Typically, the weather is yet to make up its mind about which season we’re currently experiencing. I’ve been pushing on with spring regardless under the guidance of the calendar alone – sometimes eating outside, sometimes on the sofa under a blanket wondering how long it’s been since I’ve seen the sky. That’s April for you.

Quick, easy dinners that can be rustled up on a weeknight after a long day at work were my most requested post last year. This year (now that I have a proper job where I have to actually use my brain) that’s all I have time for anyway, so you can expect plenty of these in the months to come.

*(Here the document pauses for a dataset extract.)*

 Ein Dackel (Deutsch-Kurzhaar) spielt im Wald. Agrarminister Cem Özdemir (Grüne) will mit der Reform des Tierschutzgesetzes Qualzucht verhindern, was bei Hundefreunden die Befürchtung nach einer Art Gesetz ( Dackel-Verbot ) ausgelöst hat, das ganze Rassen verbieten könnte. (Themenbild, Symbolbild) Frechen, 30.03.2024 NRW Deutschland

Spaghetti with Tuna, Capers and Lemon

Spaghetti with Tuna, Capers and Lemon

Boil 150-200g spaghetti in salted water according to pack instructions. Reserve about 1/4 cup of pasta water just before draining. Put it back in the pan with the splash of pasta water and add the juice of a lemon, a can of tuna, a tbsp capers, a generous knob of butter and a drizzle of olive oil. Keep the heat under it and keep stirring til rich and saucy. Stir through a handful of chopped fresh parsley just before serving.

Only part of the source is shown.